2013年12月30日星期一

A Tool Consumers Need

The Consumer Financial Protection Bureau recently issued a report on "pre-dispute" arbitration, also known as forced arbitration. That is the ubiquitous corporate practice of requiring consumers to agree in advance to use arbitration for any dispute that arises from a company's products or services, rather than go to court.Banks and businesses love forced arbitration, because it is a process they control for their own benefit. It shields them from accountability by closing the courthouse door to consumers. But no one should have to forfeit consumer protections and legal rights to use products and services.In the Dodd-Frank law,Mention Becomes A Full-Fledged Media Monitoring Tool With Buffer Integration lawmakers banned arbitration clauses in most residential mortgages. However, they did not prohibit them in other consumer financial contracts, and instead authorized the bureau to decide if a ban is warranted after completing a thorough analysis and reporting the findings to Congress.

The bureau's report is the first step in that process. It presents initial findings on the use and complexity of forced arbitration clauses in checking accounts, credit cards, prepaid cards and payday loans. These findings are intended to serve as raw material for further analysis, but even the raw data is compelling.The report found, for example, that most large banks put forced arbitration clauses in basic contracts and that 90 percent of those clauses bar both individual lawsuits and participation in class actions. This results in a systematic denial of justice.In disputes over financial products — involving, say, excessive fees, inflated loan balances, faulty credit reporting, or fraud and discrimination — the damages at stake may be significant for an individual but not enough to warrant the cost of a legal challenge unless grouped in a class action. Forced arbitration also fosters abuse, since there is no check on wrongdoing that takes small amounts of money from potentially millions of customers.
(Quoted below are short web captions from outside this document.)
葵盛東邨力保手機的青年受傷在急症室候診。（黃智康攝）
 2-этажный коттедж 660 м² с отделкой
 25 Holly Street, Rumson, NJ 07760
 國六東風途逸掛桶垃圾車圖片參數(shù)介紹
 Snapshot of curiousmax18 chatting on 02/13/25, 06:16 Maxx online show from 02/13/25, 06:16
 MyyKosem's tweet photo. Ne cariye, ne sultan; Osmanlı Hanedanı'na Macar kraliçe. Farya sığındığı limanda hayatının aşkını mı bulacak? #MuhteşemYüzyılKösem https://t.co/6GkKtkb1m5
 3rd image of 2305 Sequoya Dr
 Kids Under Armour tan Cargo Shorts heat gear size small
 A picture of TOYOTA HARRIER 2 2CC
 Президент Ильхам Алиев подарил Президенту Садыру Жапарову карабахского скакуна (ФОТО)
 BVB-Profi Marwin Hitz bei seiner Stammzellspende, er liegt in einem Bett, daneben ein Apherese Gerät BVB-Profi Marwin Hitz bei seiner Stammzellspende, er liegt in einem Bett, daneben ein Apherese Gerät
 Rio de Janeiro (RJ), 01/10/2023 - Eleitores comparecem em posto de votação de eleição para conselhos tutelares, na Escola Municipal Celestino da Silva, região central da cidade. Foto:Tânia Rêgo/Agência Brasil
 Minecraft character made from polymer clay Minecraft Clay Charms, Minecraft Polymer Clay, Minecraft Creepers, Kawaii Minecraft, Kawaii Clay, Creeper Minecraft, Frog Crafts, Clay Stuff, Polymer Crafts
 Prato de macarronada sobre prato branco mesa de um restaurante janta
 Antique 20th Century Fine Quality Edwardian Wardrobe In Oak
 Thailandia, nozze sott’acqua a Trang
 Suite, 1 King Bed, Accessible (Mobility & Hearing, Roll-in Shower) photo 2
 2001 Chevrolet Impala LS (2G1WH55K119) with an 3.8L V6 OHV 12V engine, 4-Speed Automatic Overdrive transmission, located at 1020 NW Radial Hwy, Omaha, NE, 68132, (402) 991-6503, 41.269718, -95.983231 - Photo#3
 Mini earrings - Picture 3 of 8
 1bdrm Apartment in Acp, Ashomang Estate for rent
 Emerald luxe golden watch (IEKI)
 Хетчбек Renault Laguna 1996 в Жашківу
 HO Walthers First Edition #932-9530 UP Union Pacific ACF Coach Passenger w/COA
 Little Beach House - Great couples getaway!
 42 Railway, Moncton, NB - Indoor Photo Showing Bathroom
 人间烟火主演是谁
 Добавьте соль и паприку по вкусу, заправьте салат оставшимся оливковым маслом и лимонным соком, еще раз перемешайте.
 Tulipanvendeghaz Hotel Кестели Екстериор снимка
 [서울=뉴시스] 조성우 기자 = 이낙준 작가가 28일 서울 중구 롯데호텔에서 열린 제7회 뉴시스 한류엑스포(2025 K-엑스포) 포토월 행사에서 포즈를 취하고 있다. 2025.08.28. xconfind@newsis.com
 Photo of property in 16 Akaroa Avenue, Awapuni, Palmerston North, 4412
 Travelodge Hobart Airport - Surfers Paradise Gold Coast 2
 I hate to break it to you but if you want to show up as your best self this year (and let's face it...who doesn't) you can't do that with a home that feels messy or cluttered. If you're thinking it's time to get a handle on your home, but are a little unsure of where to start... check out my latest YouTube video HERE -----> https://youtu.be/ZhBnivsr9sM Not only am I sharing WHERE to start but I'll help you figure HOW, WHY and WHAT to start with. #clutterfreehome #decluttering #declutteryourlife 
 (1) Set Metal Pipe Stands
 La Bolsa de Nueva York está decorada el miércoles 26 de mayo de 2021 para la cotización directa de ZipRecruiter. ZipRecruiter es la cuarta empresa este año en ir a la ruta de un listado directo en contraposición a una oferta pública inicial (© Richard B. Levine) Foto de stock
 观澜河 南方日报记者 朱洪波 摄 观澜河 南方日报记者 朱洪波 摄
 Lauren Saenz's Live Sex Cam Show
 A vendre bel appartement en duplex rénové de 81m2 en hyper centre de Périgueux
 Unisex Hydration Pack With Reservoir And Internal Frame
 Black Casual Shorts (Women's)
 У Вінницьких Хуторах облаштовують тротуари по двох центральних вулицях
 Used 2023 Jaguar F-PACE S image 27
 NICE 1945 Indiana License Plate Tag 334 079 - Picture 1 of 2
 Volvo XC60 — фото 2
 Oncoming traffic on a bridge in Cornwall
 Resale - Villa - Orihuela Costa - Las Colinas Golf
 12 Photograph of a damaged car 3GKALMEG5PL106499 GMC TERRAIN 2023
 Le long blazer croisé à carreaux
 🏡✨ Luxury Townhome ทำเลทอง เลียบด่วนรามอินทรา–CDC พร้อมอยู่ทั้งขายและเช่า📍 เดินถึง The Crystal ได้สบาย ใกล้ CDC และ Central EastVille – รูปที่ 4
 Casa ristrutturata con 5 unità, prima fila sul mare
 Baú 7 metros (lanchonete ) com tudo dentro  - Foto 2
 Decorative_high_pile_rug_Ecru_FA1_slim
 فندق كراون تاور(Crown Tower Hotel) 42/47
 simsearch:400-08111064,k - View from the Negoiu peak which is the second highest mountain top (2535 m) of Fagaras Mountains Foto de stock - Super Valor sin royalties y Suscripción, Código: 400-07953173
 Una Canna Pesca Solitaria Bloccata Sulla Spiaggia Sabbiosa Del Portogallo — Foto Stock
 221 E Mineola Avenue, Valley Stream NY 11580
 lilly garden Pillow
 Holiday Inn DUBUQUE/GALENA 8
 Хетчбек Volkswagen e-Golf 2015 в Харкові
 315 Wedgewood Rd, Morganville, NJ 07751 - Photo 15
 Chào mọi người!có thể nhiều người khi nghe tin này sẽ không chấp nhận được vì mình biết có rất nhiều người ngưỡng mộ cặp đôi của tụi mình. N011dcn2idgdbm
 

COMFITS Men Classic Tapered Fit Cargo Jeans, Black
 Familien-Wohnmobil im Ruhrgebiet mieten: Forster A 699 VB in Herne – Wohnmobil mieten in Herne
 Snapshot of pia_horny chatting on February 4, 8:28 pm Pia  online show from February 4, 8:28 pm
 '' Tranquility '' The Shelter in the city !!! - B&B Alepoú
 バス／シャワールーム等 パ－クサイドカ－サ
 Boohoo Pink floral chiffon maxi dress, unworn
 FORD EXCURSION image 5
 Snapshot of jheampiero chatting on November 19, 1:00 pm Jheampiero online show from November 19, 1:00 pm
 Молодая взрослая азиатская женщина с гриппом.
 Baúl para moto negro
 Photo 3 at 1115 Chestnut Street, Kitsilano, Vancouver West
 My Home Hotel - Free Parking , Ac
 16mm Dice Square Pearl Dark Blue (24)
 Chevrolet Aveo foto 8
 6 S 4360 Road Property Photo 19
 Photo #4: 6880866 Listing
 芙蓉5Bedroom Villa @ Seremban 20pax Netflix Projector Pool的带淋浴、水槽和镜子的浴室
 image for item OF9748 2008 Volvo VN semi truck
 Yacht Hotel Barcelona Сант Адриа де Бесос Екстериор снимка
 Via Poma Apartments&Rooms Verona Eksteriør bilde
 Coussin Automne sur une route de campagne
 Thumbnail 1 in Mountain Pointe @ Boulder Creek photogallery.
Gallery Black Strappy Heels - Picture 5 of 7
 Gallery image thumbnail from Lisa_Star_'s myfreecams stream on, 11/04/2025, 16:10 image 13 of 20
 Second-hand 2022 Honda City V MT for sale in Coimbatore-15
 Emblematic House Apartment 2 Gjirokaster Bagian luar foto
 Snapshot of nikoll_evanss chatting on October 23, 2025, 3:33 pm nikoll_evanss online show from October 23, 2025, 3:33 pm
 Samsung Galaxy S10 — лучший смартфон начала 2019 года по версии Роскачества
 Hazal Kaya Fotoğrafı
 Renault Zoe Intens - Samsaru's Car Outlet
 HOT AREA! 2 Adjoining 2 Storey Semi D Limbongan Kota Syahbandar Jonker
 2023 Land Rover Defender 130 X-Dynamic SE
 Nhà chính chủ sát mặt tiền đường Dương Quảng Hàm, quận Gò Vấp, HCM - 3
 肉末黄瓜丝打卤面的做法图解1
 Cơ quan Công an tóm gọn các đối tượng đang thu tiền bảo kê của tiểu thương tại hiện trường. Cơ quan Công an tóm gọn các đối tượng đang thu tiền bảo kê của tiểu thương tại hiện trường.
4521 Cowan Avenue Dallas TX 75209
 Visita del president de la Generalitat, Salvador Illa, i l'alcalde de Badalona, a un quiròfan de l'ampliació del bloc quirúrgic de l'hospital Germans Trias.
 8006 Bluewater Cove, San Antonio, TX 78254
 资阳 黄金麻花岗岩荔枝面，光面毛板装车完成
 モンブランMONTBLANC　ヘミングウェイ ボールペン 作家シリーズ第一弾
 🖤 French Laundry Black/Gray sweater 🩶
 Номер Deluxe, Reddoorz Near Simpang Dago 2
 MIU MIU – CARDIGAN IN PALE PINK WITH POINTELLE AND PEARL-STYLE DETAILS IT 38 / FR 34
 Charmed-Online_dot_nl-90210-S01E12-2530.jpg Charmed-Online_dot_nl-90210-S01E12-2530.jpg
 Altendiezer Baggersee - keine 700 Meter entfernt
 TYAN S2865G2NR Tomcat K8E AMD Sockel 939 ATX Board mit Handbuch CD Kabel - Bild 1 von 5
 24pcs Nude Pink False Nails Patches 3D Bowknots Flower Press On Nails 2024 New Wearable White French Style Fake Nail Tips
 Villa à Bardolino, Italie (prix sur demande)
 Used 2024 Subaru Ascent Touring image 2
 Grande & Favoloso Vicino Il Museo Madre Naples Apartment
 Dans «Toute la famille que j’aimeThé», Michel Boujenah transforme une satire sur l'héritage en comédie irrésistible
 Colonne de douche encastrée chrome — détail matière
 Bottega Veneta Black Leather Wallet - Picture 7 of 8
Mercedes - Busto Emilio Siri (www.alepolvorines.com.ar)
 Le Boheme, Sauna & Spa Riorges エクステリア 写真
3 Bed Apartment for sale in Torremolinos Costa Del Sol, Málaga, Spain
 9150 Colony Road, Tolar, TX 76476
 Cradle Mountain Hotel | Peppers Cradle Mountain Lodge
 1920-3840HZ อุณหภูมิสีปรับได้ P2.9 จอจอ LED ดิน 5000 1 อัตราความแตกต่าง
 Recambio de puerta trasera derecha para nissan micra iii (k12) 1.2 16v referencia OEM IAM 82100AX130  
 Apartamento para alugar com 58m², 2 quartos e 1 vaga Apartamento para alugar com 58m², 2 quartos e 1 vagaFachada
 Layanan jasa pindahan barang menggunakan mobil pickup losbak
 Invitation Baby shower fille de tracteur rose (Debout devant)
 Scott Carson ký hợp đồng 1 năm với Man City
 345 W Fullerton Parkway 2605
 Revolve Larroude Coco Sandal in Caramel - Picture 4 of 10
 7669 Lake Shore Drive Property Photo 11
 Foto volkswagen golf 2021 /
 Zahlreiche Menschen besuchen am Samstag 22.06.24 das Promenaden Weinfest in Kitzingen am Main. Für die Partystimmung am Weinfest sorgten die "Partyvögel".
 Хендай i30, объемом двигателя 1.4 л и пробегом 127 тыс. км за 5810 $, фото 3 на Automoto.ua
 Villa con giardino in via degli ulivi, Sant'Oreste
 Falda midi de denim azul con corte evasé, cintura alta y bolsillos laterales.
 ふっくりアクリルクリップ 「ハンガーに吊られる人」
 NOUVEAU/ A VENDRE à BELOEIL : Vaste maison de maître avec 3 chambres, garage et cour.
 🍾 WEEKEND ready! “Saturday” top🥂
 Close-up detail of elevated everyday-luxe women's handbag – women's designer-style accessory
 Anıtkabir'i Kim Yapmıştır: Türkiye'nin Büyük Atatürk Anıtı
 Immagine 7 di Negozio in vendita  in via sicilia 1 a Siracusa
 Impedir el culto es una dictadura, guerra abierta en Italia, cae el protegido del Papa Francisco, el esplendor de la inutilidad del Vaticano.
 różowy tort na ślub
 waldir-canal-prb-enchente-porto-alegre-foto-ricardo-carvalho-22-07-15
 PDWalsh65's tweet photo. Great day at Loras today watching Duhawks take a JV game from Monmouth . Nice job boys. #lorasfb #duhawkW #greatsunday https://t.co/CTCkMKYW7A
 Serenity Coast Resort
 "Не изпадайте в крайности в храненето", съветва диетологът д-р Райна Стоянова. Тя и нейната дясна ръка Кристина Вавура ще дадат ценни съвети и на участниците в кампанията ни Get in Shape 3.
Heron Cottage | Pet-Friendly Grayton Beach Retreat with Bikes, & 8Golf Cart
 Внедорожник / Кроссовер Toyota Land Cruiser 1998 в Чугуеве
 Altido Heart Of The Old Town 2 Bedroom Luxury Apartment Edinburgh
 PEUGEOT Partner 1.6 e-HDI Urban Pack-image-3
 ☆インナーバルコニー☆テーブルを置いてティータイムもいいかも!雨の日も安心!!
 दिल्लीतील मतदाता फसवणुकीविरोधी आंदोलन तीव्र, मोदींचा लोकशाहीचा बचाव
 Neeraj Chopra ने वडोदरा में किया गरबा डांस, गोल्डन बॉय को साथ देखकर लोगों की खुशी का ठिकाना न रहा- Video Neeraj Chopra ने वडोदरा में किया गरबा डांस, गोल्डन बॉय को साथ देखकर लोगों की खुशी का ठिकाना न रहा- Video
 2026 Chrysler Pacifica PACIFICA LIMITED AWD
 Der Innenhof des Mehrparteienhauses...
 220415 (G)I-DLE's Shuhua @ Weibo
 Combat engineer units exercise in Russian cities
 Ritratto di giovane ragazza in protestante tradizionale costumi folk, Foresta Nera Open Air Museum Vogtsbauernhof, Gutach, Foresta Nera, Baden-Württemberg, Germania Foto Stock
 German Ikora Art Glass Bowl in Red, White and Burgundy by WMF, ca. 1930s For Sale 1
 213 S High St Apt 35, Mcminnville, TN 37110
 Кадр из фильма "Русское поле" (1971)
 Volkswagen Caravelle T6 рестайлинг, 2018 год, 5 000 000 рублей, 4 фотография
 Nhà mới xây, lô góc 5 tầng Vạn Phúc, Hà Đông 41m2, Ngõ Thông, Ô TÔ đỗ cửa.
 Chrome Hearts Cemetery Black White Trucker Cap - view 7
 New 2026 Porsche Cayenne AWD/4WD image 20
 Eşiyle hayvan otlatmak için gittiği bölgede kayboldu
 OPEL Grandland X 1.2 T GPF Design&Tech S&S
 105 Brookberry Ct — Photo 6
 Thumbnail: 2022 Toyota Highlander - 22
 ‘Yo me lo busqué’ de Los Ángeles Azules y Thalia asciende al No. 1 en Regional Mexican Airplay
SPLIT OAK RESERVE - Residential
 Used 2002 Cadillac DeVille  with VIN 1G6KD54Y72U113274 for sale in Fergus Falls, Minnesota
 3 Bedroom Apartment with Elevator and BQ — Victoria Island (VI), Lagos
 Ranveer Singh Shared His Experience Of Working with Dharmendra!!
To the extent that consumers are aware of their vulnerability, they have learned the hard way. In the past several years, the Supreme Court has repeatedly upheld arbitration clauses, leaving consumers with virtually no meaningful way to challenge corporate wrongdoing. Ideally, Congress would pass a law to remedy that injustice. For now, it is relying on the consumer bureau. To work its way toward an effective ban on forced arbitration, the agency need only follow where the evidence leads.